Kedua, Komering-Kayuagung, yang sekarang termasuk Propinsi Sumatera Selatan. Masyarakat Peminggir mendiami sebelas wilayah adat: Kalianda, Teluk Betung, Padang Cermin, Cukuh Balak, Way Lima, Talang Padang, Kota Agung, Semangka, Belalau, Liwa, dan Ranau. Lampung Sebatin juga dinamai Peminggir karena mereka berada di pinggir pantai barat dan selatan.
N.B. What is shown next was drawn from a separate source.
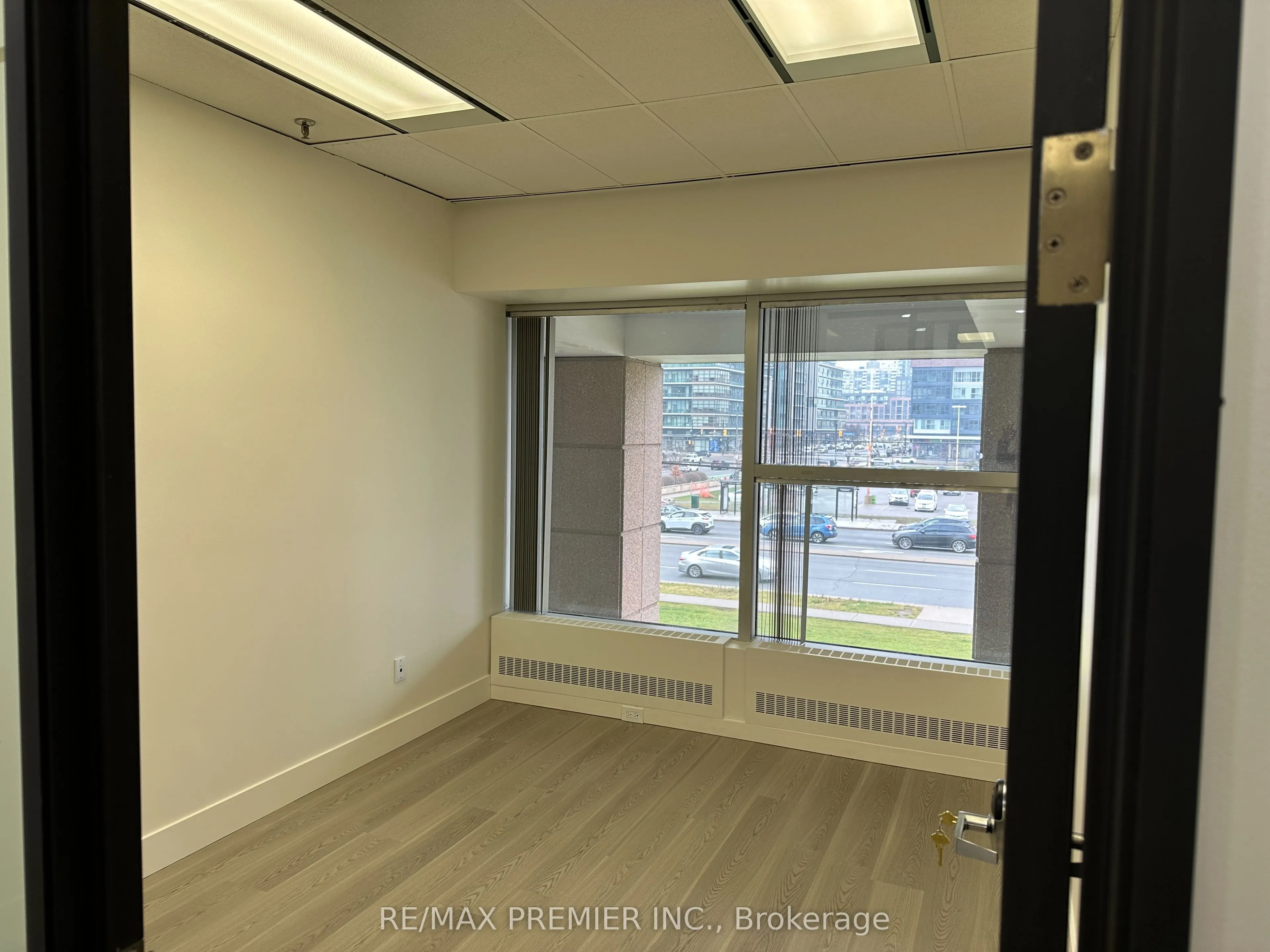350 Burnhamthorpe Road W, #200-B01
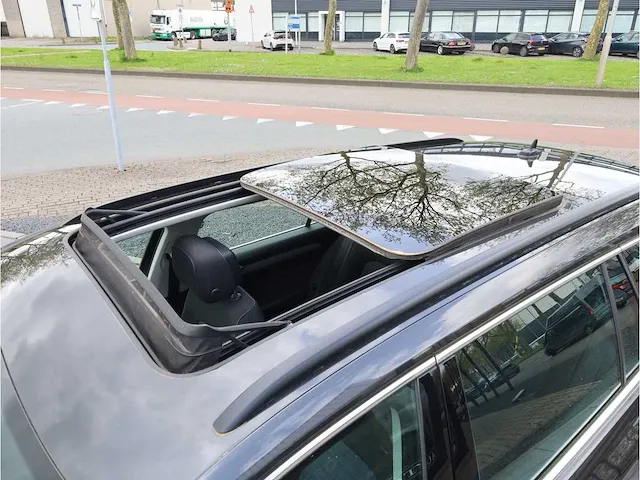 Volkswagen passat variant gte 1.4 tsi phev 218pk automaat 2021 panodak camera massage stoel&stuurverwarming - afbeelding 2 van  33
Kalau merujuk pada marga-marga di Lampung setidaknya ada 84 marga. Marga-marga di Lampung mulanya bersifat geneologis-territorial. Tapi, tahun 1928, pemerintah Belanda menetapkan perubahan marga-marga geneologi-teritorial menjadi marga-marga teritorial-genealogis, dengan penentuan batas-batas daerah masing-masing (Hilman Hadikusuma, 1985).
Setiap marga dipimpin oleh seorang kepala marga atas dasar pemilihan oleh dan dari punyimbang-punyimbang yang bersangkutan. Demikian pula, kepala-kepala kampung ditetapkan berdasarkan hasil pemilihan oleh dan dari para punyimbang.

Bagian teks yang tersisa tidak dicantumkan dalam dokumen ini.